Marco Polo Marine (MPM) Ltd is a medium-sized Singaporean shipping company listed on the Singapore Stock Exchange, involved in regional shipping and shipbuilding. The company was part of a larger Indonesian family business group, and had been built from scratch by the CEO, the heir to the group. MPM had started off providing barges to transport mining products and sand, initially for the group's mining operations, but increasingly for third parties. It subsequently entered the shipbuilding industry by establishing a shipyard in Batam, Indonesia, an island near Singapore. As a next step to grow the company, the CEO intended to become an international player in the much more sophisticated offshore marine services sector, but he had yet to decide what strategy to take to achieve it. The case study allows students to analyze a global industry and present recommendations to the CEO for positioning the company within this industry. As a company from an emerging market, MPM is an example of an aspiring "emerging market multinational" and the case discusses the challenges such companies face in catching up with more advanced incumbents in global industries. In order to penetrate this market, decisions are required as to what types of vessels to build or buy, which countries to target and how to enter this market given financial constraints and limited technical expertise.

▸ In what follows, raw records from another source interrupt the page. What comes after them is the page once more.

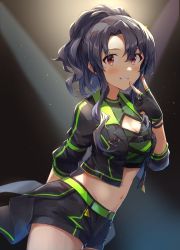 Rule 34 | absurdres, arm behind back, black background, black gloves, black hair, black jacket, black shorts, blush, breasts, brown eyes, cleavage cutout, clothing cutout, commentary request, fingerless gloves, gloves, green shirt, grin, hand up, highres, idolmaster, idolmaster million live!, idolmaster million live! theater days, jacket, light, long hair, looking at viewer, medium breasts, midriff, navel, official alternate costume, official alternate hairstyle, open clothes, open jacket, ponytail, shirt, short shorts, shorts, shuucream (syuichi), smile, solo, takayama sayoko, thighs, v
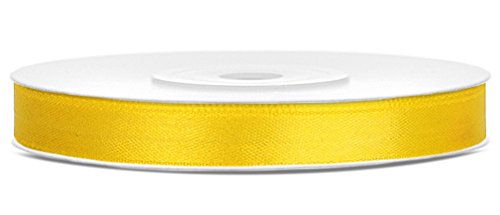 Partydeko 25m x 6mm Rolle Satinband Geschenkband Schleifenband Dekoband Satin Band Antennenband (Gelb (084)) von Partydeko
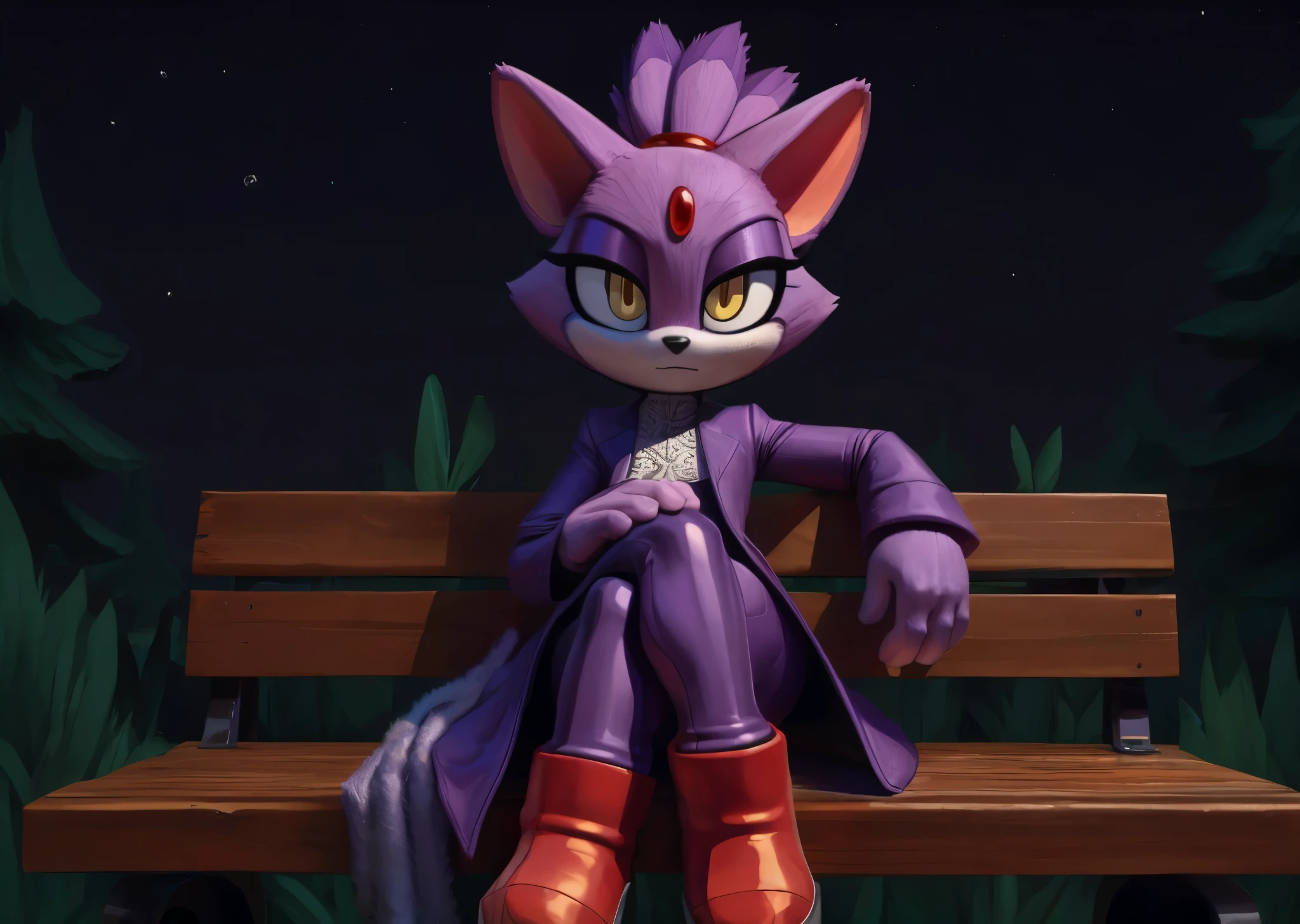 [Blaze the cat], [Uploaded to e621.net; (Pixelsketcher), (wamudraws), (napalm_express)], ((masterpiece)), ((HD)), ((High res)), ((furry)), ((solo portrait)), ((front view)), ((full body)), ((feet visible)), ((detailed fur)), ((detailed shading)), ((cel shading)), ((beautiful render art)), ((intricate details)), {anthro, purple fur, black nose, cat ears, (cute yellow eyes), (red gem on forehead), long tail, (tied-up hair), (curvy hips), (beautiful legs), (expressionless)}, {(purple trench coat), (tight white yoga bodysuit), (white gloves), (red-pink boots)}, {(sitting on bench), (hands in lap), (crossed legs), (looking at viewer)}, [background; (forest), (spruce trees), (nighttime), (starry sky), (ambient lighting)]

For NUS Business School: (Faculty only)
To obtain a free copy of the case, please contact Ms Kwok Siew Geok (bizksg@nus.edu.sg)


The IOI Group: Creating a Malaysian Palm Oil Multinational

by Dr Marleen Dieleman and Ms Megha Mittal (MBA graduated student) 

Publication Date:  25/10/2010

The case discusses the story of the IOI Group, one of the largest palm oil players in Malaysia that has seen rapid growth in the past two decades. Controlled by the Lee family since 1982, the IOI Group's main businesses initially were property and palm plantations. As a relative latecomer in the palm oil industry, it grew both organically and through acquisitions, and it currently has sales of about US$4.3 billion and employs 30,000 people. Over the years, the IOI Group moved away from producing crude palm oil (CPO), a key commodity, and pursued a strategy of vertical integration by moving into downstream activities such as food ingredients manufacturing and oleochemicals. This transformed IOI from a Malaysian plantation company to a global ingredients manufacturer, making it a good example of a so-called "emerging market multinational."

The case takes the point of view of Dato' Lee, the second-generation family leader who is currently in charge of the downstream businesses, and discusses three challenges he faces in IOI's transformation process: 1) optimizing and integrating the global value chain; 2) determining the most suitable way to coordinate a multinational company with substantial global sales and operations; and 3) adaptation to changing needs of global customers. All this is supported by extensive information on the changing dynamics in the palm oil industry, where emerging market players are moving up the value chain and snapping up manufacturing assets from global fast-moving consumer goods companies like Unilever, while the latter increasingly focus on branded goods and seek to exit the lower margin and capital-intensive manufacturing of ingredients. Students are asked to analyze the changing industry dynamics and provide recommendations to executive director Dato' Lee given the goal to make IOI a leading palm oil player.